Invasion percolation on the Poisson-weighted infinite tree

TL;DR

This paper investigates invasion percolation on the Poisson-weighted infinite tree, providing new Markovian representations, exploring a related exploration process, and introducing stationary graph representations of the Poisson incipient infinite cluster.

Contribution

It introduces novel Markovian representations of invasion percolation, a new exploration process, and stationary graph models for the Poisson incipient infinite cluster.

Findings

Two Markovian representations of invasion percolation are derived.

A new exploration process with simpler dynamics is introduced.

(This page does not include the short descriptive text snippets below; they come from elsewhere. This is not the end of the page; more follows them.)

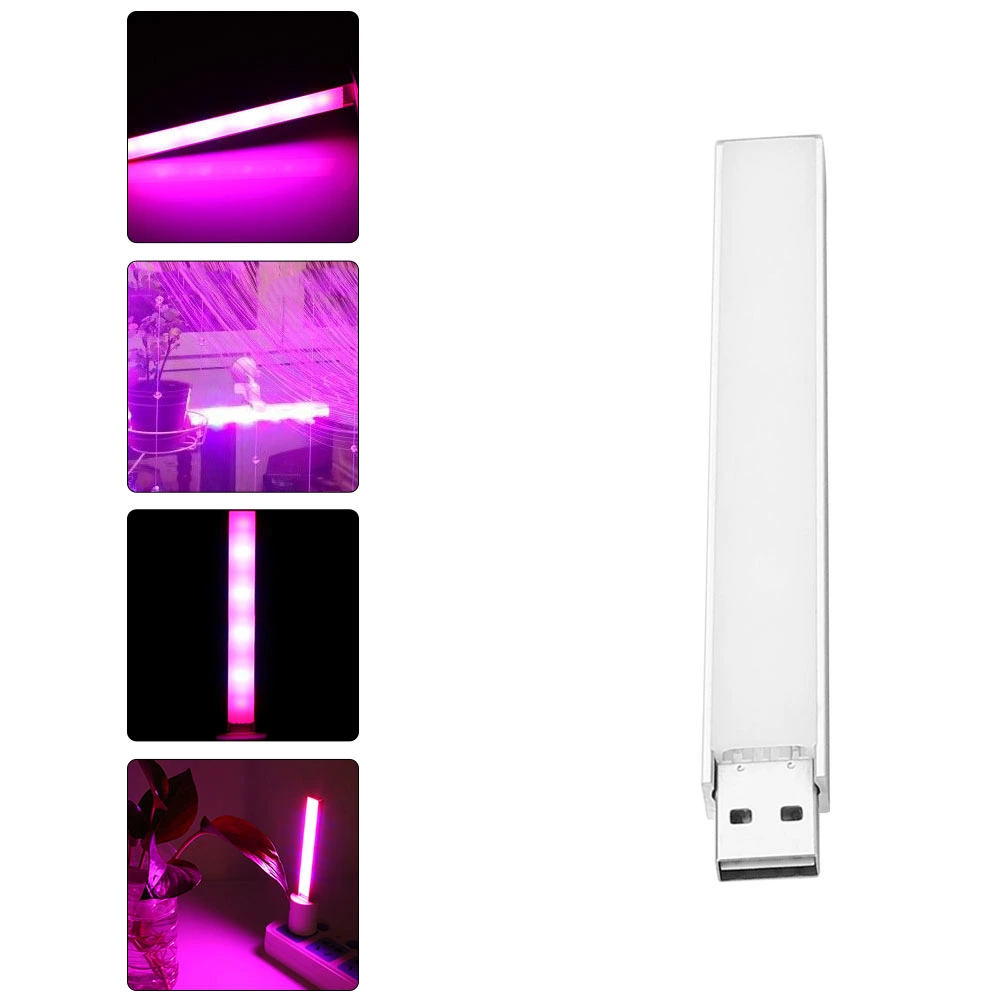 USB LED Grow Light Practical USB Full Spectrum Growing Light Plant Lamp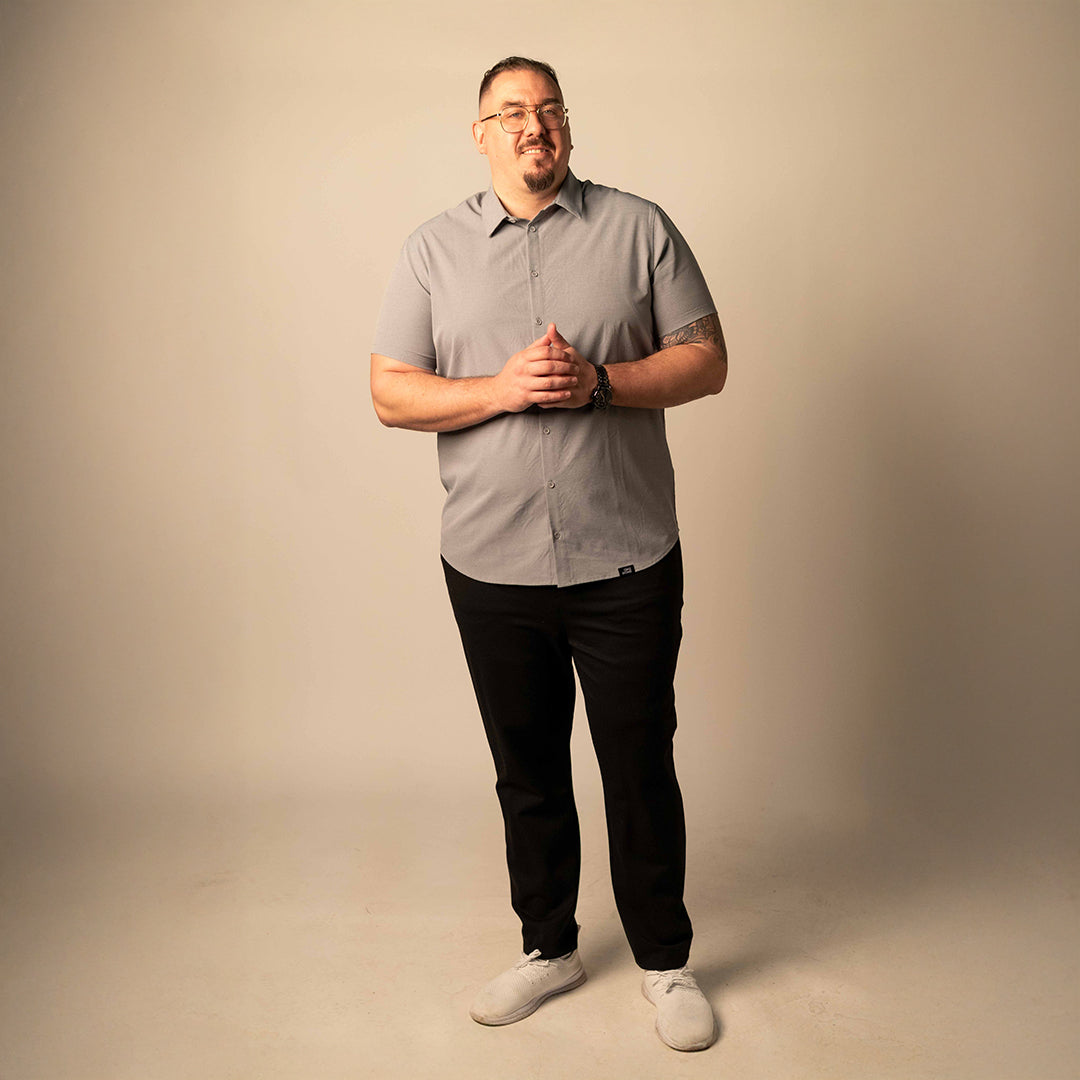 model-specs: Desmond is 6'7 | 300 lbs | size 1
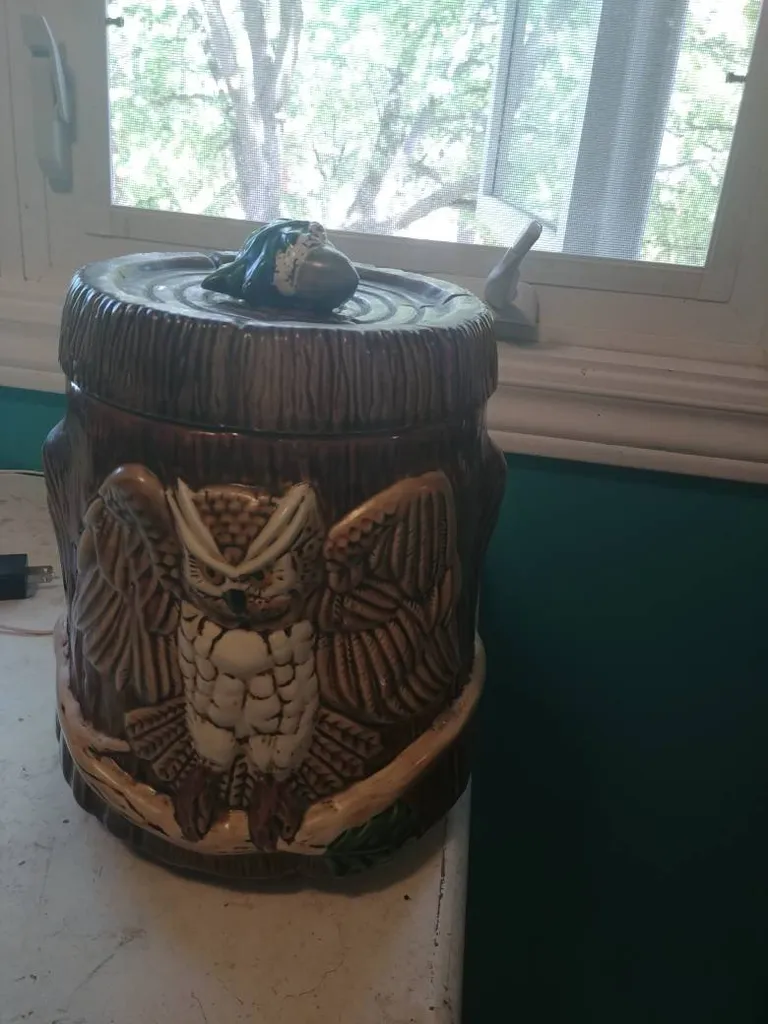 Owl Cookie Jar photo 1
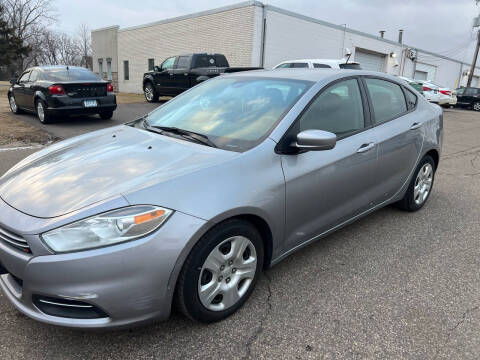 2015 Dodge Dart for sale at Brighton Unique Auto Inc in New Brighton MN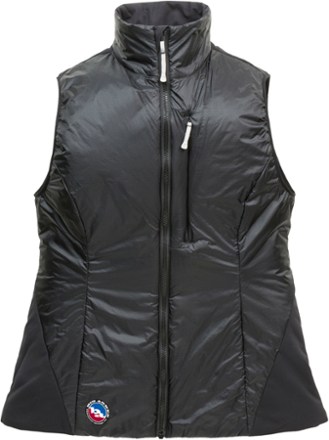 Big Agnes - Crystal Insulated Vest - Womens - BLACK/BLACK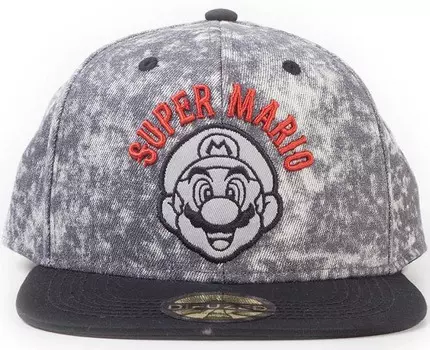 Бейсболка Nintendo Super Mario: Biker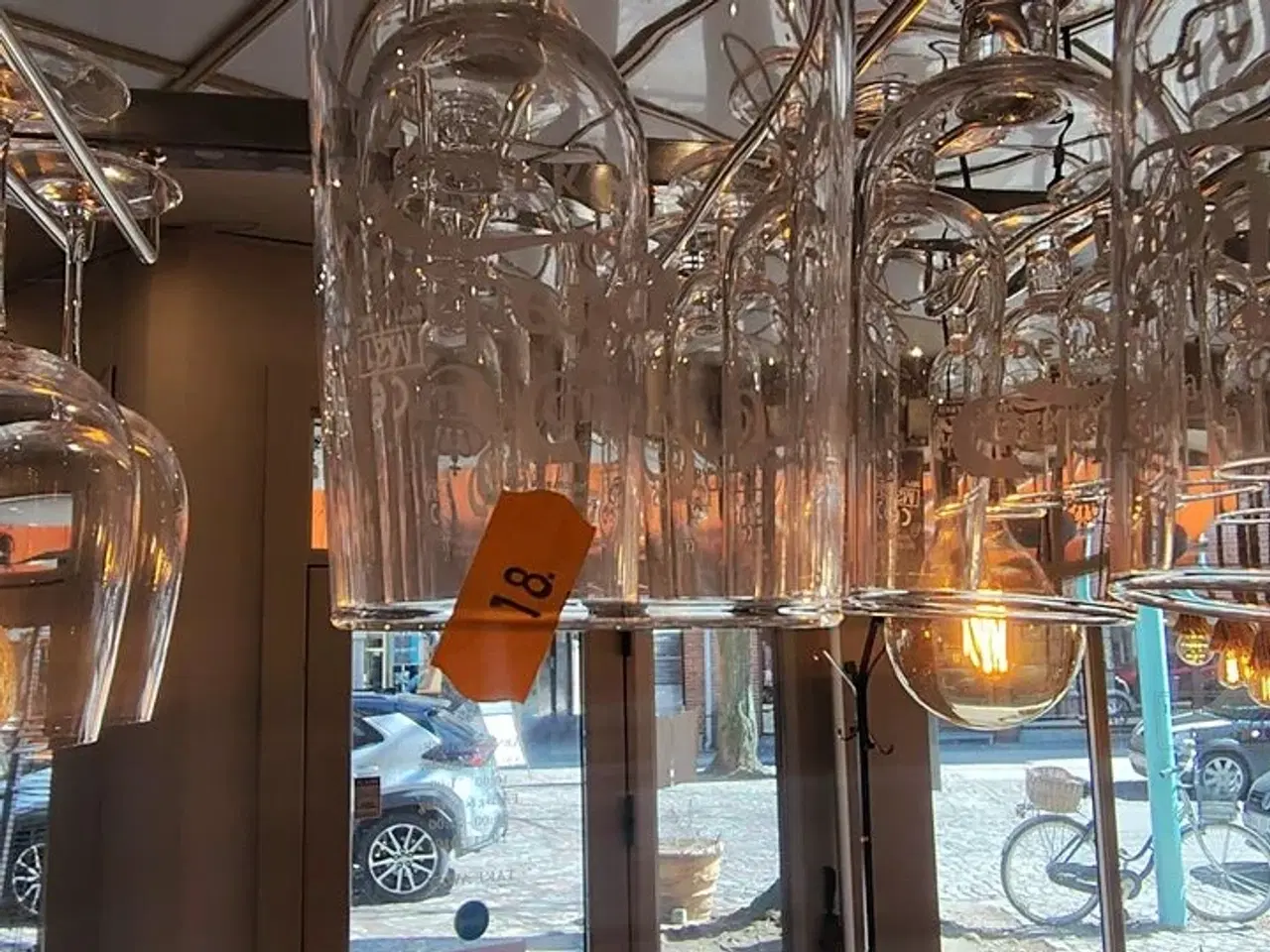 Billede 7 - Stort parti glas i baren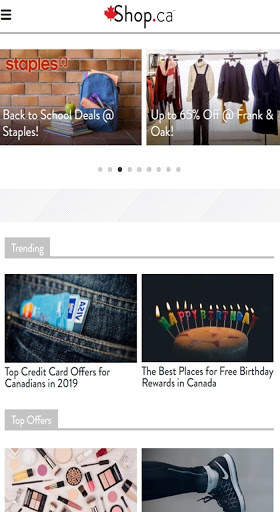 Canada Shopping screenshot 2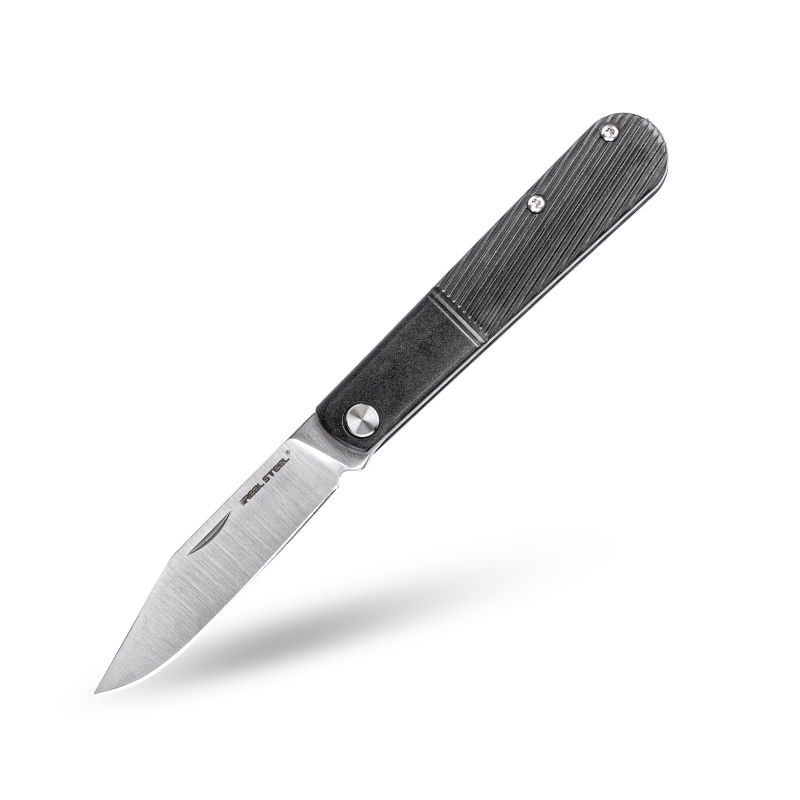 Real Barlow RB-1 Clip Point | Pocket Clip with Fork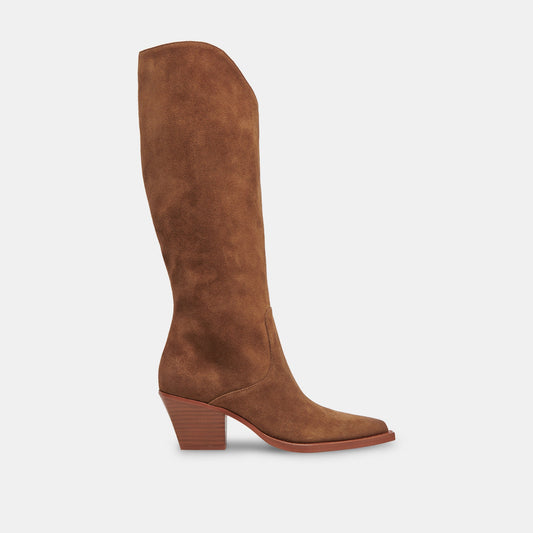Dolce Vita Quality | Raj Boots in Brown Suede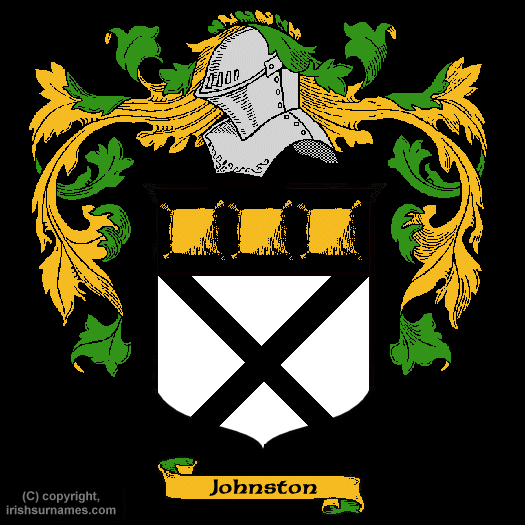Johnston Coat of Arms, Family Crest - Click here to view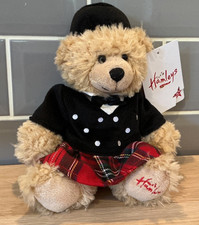 Hamleys scottish teddy bear - hamleys,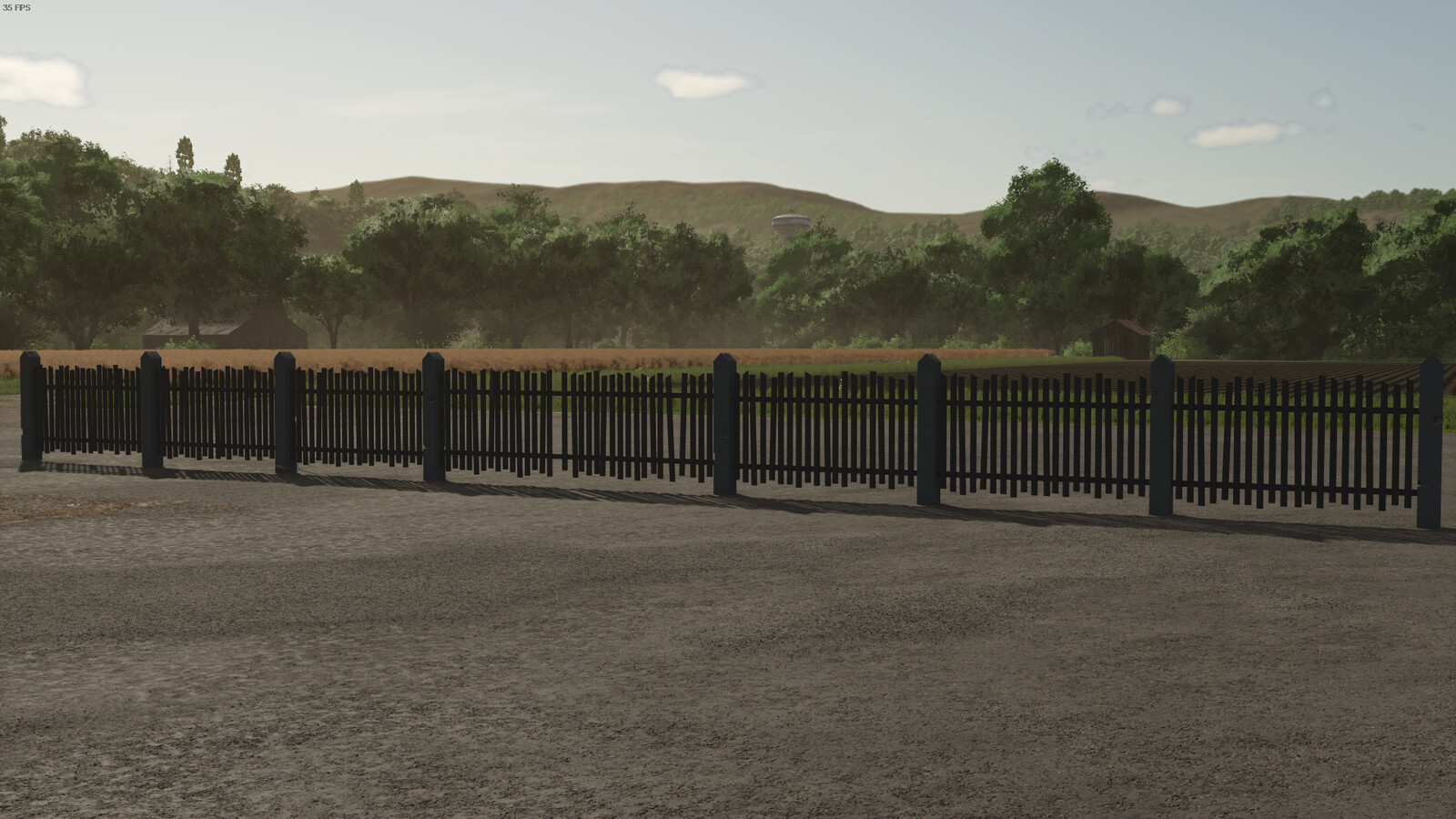 Old Style Fence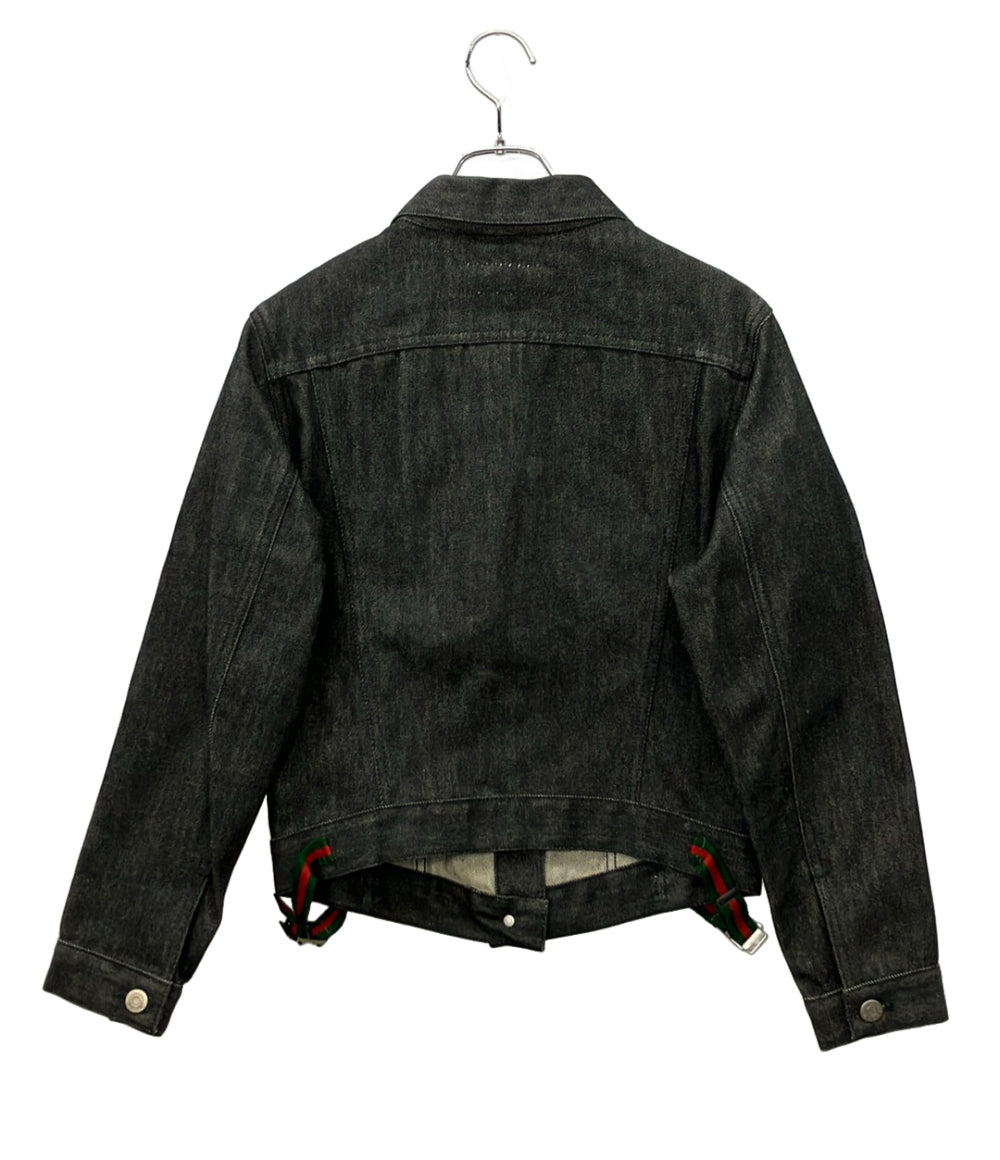 GUCCI シェリーライン デニムジャケット レディース SIZE 42 (M) グッチ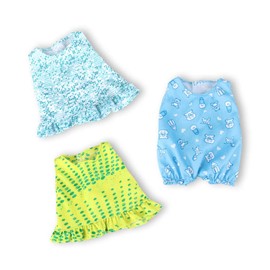 Cute Baby Doll Clothes Accessories for 10 Inch Alive Dolls Girl,Doll Dress Clothes Underwear for 11 Inch Baby Dolls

Stationary graph representations of the Poisson incipient infinite cluster are constructed.

Abstract

We study invasion percolation on Aldous' Poisson-weighted infinite tree, and derive two distinct Markovian representations of the resulting process. One of these is the $\sigma\to\infty$ limit of a representation discovered by Angel et al. [Ann. Appl. Probab. 36 (2008) 420-466]. We also introduce an exploration process of a randomly weighted Poisson incipient infinite cluster. The dynamics of the new process are much more straightforward to describe than those of invasion percolation, but it turns out that the two processes have extremely similar behavior. Finally, we introduce two new "stationary" representations of the Poisson incipient infinite cluster as random graphs on $\mathbb {Z}$ which are, in particular, factors of a homogeneous Poisson point process on the upper half-plane $\mathbb {R}\times[0,\infty)$.